Esta má consequência do pecado foi transmitida tanto pela influência social como pela
herança natural. O pecado se propaga. Corrompeu todo o ambiente social da raça e
penetrou em toda a esfera da vida humana. Neste ponto, perguntamos: deve o homem forçosamente pecar? Esta "herança natural" e esta "influência social" de que fala Conner levam-me a mim, pessoalmente, a pecar? Neste caso, onde estaria a liberdade humana? Não é fácil responder. D. G. Bloesch contesta: "O pecado não é uma necessidade natural, mas sim uma inviabilidade histórica. O pecador pode evitar qualquer pecado particular, mas não pode escapar da mancha do pecado em todas as suas ações". Este autor afirma, prosseguindo em sua citação, que Kierkegaard afirmou ambas as coisas: o pecado original e a liberdade humana. H. R. Mackintosh comenta o pensamento de Kierkegaard: "Nós penetramos num contexto pecaminoso e a cada passo fazemos nascer o pecado de novo, visto que há no pecado uma combinação inescrutável de desejo consciente e de incapacidade de atuar de outra maneira".
10. A DEPRAVAÇÃO TOTAL
Esta doutrina da depravação total da espécie humana recebeu uma ênfase
particular nos dias da Reforma, em virtude do afã dos reformadores de atacar a
salvação pelas obras da Igreja Católica e afirmar o principio da salvação somente pela
graça de Deus.
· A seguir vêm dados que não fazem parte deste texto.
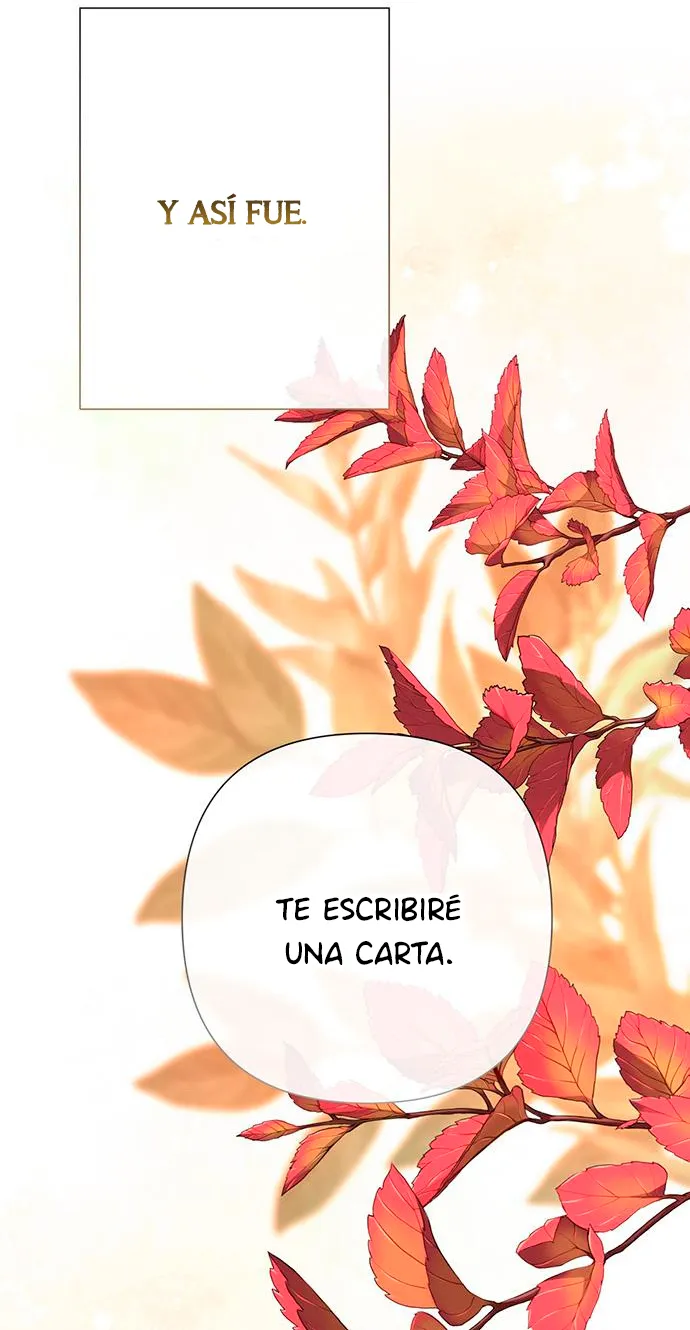 9 Príncipe problemático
Bloesch menciona o pensamento de Calvino: "Estamos tão inteiramente controlados pelo poder do pecado, que toda a nossa mente, todo o nosso coração e todas as nossas ações estão sob sua influência". A idéia de Lutero é que o pecado de tal maneira permeou, penetrou no ser humano que este é incapaz de voltar-se para Deus por sua própria iniciativa; e cita as palavras de outro reformador que afirmou: "O pecado original está presente na totalidade do homem, alma e corpo: na alma, estritamente como sua própria essência; no corpo, como um instrumento através do qual atua a alma".20 Isto é o que se denomina "depravação total"; mas que queremos dizer com esta expressão? Os herdeiros da Reforma sentem-se na necessidade de explicá-la. Significado negativo da expressão
Berkhof o menciona como segue: A depravação total em seu aspecto negativo significa:
(1) não que cada homem haja chegado a toda a depravação de que é capaz;
(2) não que o pecador careça de conhecimento inato da vontade de Deus e de
consciência capaz de discernir entre o bem e o mal;
(3) não que o homem pecador seja incapaz de reconhecer e admirar as ações virtuosas
dos demais e também de ele próprio ser capaz de realizar boas ações em sua relação
com seus semelhantes;
(4) não que a vontade regenerada de cada homem tolere toda forma de pecado em
razão de sua pecaminosidade inerente. Isto mesmo, às vezes se expressa dizendo que o
homem não perdeu a "imagem de Deus" com que foi criado, mas que esta imagem está
somente obscurecida.
11. O PECADO ATUAL
O pecado atual se contrapõe ao pecado original e é o pecado que cada indivíduo
comete de maneira muito pessoal e intransferível. Os teólogos têm falado mais do
pecado original do que do pecado atual, mas a Bíblia tem mais que dizer do pecado
atual do que do pecado original. O pecado atual e concreto é também o que tem um
nome especifico: "a prostituição, a impureza, a lascívia, a idolatria, a feitiçaria, as
inimizades, as contendas, os ciúmes, as iras, as facções, as dissensões, os partidos, as
invejas, as bebedices, as orgias e coisas semelhantes a estas" (Gl 5.19-21), e que podemos distinguir, ao menos em principio, do pecado singular, como lemos em João 8.34; 16.8; Romanos 5.12; 6.17,23. Talvez possamos compreender melhor isto partindo da definição de pecado, por exemplo, a de A. H. Strong: "Pecado é a falta de conformidade com a lei moral de Deus, seja manifesta por ato, disposição ou estado". O próprio Strong esclarece esta definição afirmando que tanto é uma violação da lei moral de Deus — quer dizer, um pecado — o ato externo e visível da transgressão, como a disposição ou o estado
íntimo do pecador. Berkhof também esclarece o assunto dizendo: "O pecado original é tanto um estado como uma qualidade inerente da corrupção do homem. Cada homem é culpado em Adão, e, por conseguinte, nasce com uma natureza depravada e corrupta. E esta corrupção interna é a fonte imunda dos pecados atuais", e um pouco adiante esclarece mais: "O pecado atual pode ser interior tal como uma consciente dúvida particular ou um perverso desígnio da mente, ou uma concupiscência consciente particular, ou desejo do coração; mas também pode ser exterior, por exemplo, a mentira, o furto, o adultério, o assassinato etc.".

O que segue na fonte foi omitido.